[[ Source material open ]]
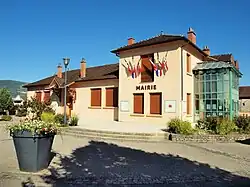 The town hall in Bouvesse-Quirieu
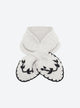 Hand-embroidered neck scarf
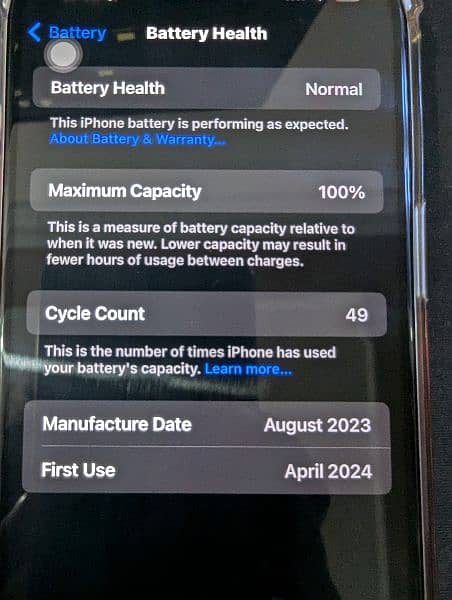 iphone 15 pro max Blue Titanium 256gb Factory Unlock 3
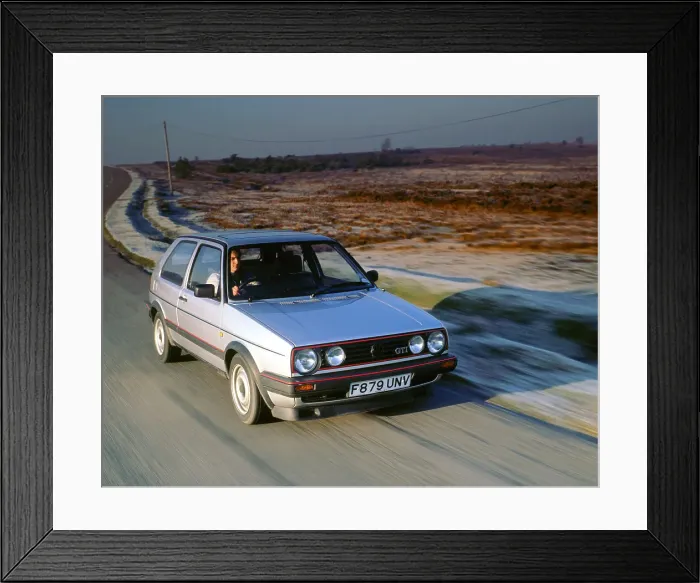 Framed Print : 1989 Volkswagen Golf Gti Framed Print : 1989 Volkswagen Golf Gti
[[ Source material closed ]]
*The problem:* Omit the images; transcribe the listing verbatim.

*The answer:*
 The town hall in Bouvesse-Quirieu
 Hand-embroidered neck scarf
 iphone 15 pro max Blue Titanium 256gb Factory Unlock 3
 Framed Print : 1989 Volkswagen Golf Gti Framed Print : 1989 Volkswagen Golf Gti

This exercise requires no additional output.